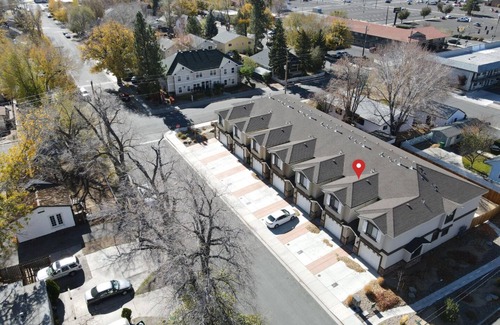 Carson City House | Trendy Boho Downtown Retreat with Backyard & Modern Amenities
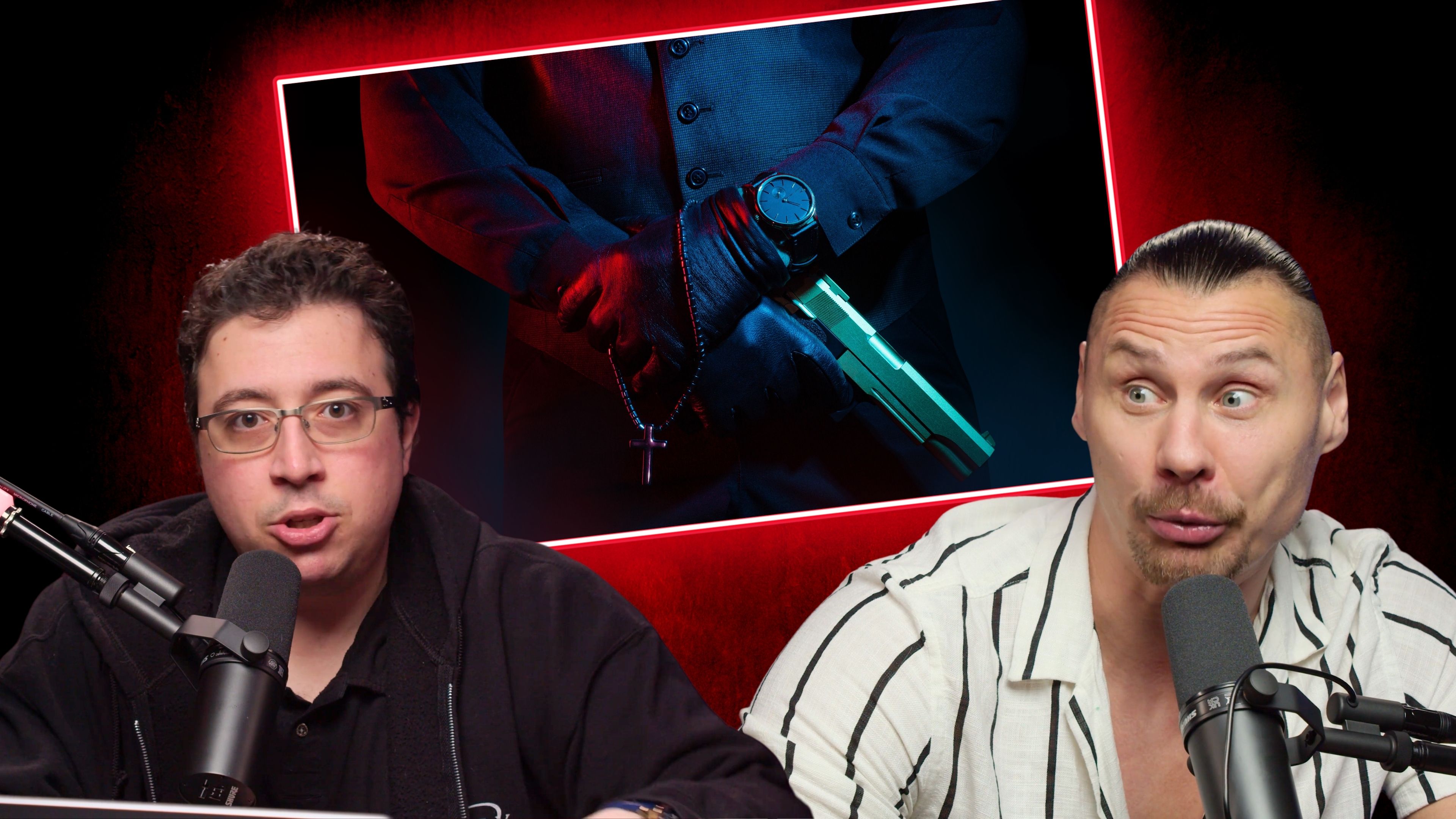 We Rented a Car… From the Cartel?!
________________
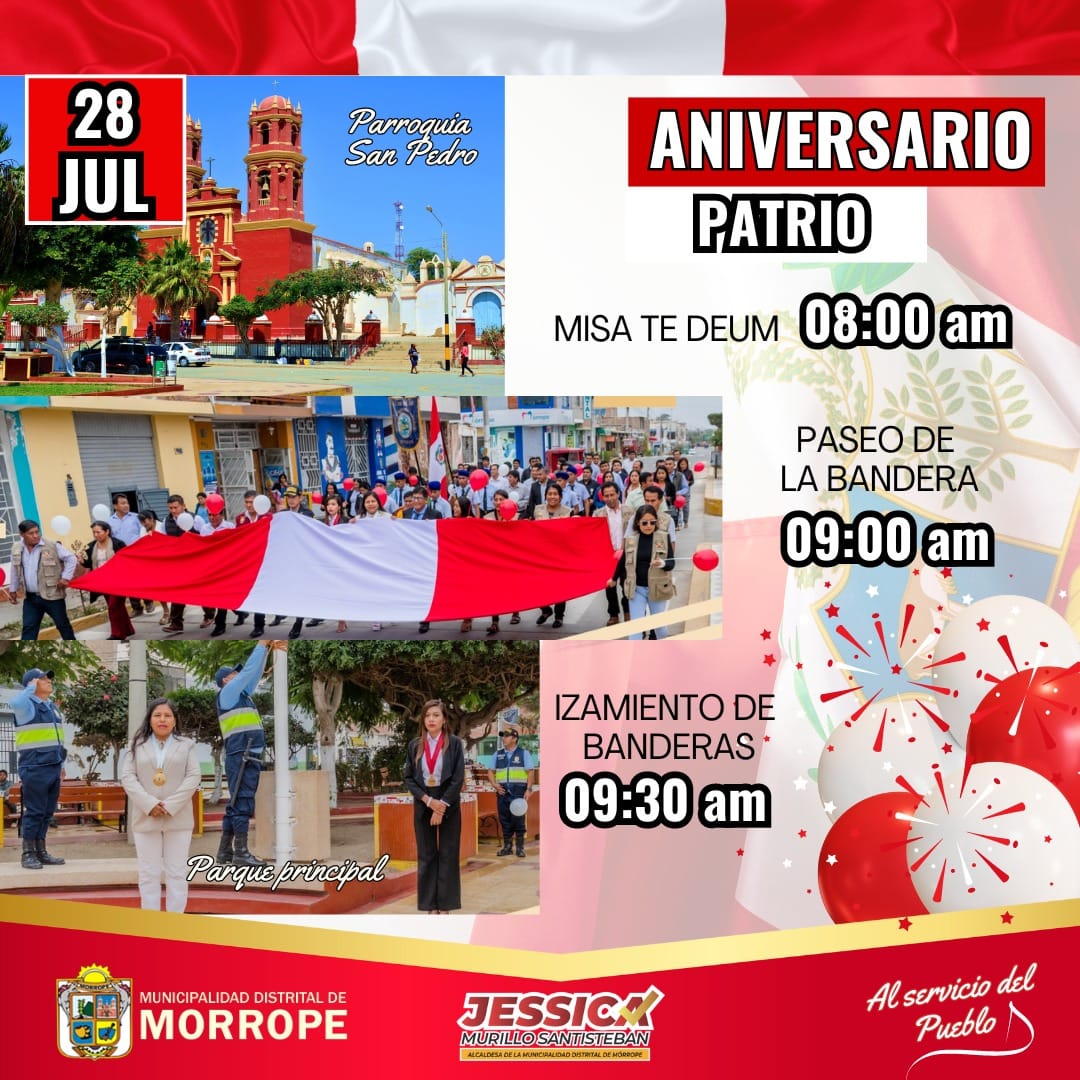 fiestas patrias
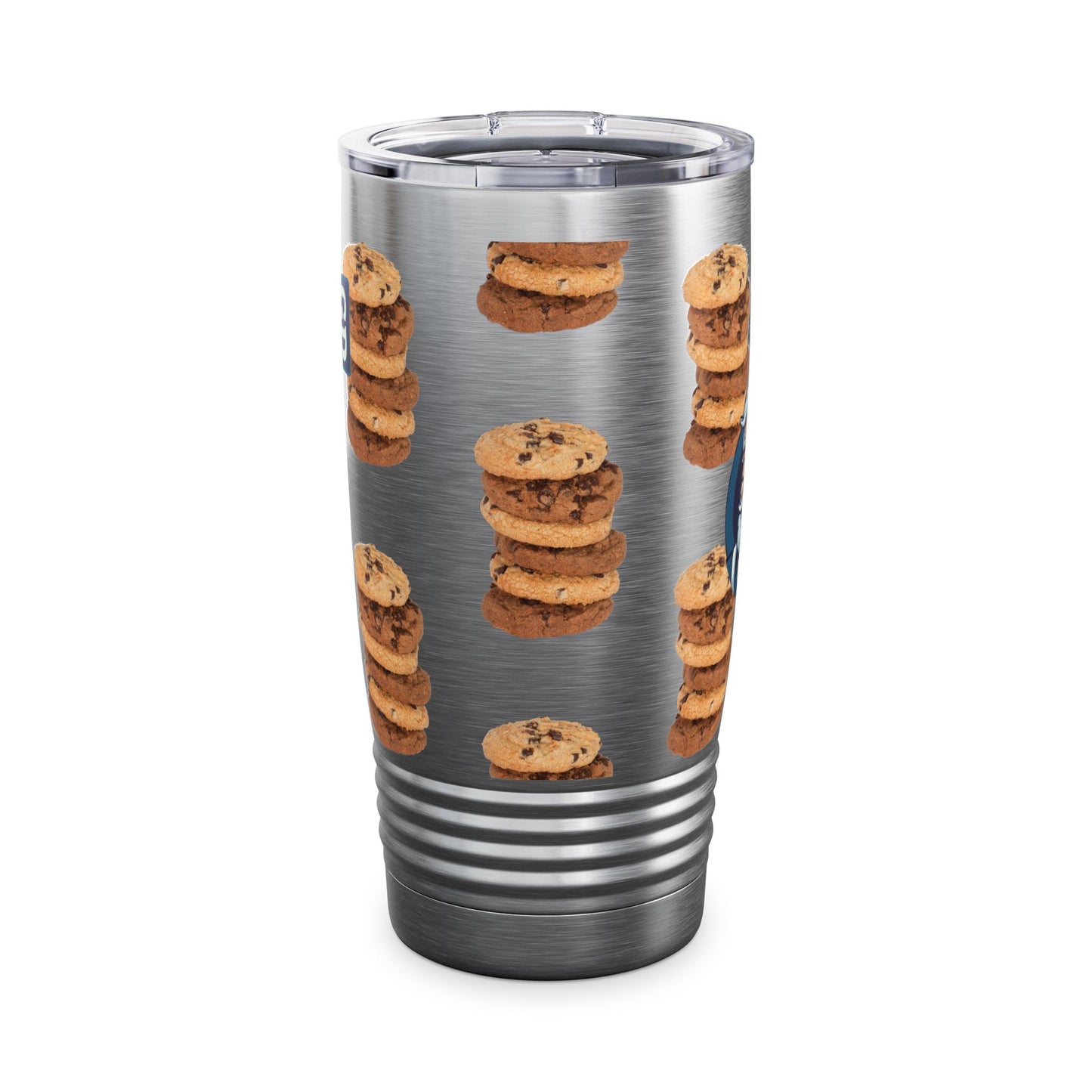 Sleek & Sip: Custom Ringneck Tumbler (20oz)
________________
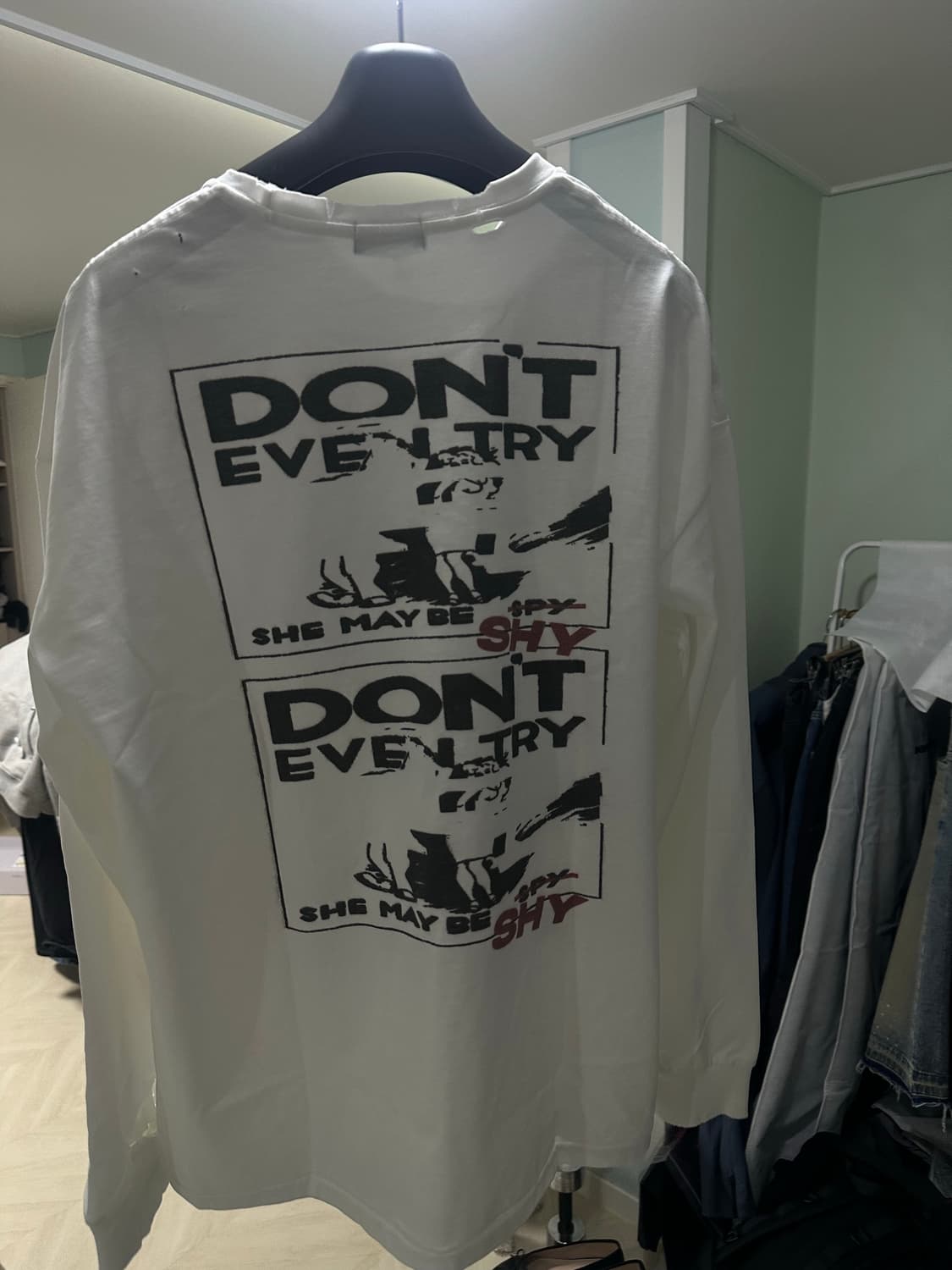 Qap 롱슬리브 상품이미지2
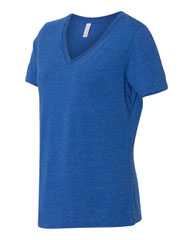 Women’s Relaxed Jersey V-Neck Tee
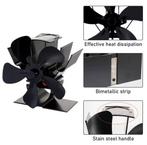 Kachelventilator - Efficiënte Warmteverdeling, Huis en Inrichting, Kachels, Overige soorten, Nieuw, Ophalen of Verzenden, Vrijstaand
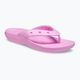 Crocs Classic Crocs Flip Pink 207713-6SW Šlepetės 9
________________
→ **What you are asked to do**
Here the job is to copy the stretch of records from the line containing "Carson City House" through the line containing "We Rented a Car… From the Cartel?!", word for word. Leave every picture out.

→ **Written response**
 Carson City House | Trendy Boho Downtown Retreat with Backyard & Modern Amenities
 We Rented a Car… From the Cartel?!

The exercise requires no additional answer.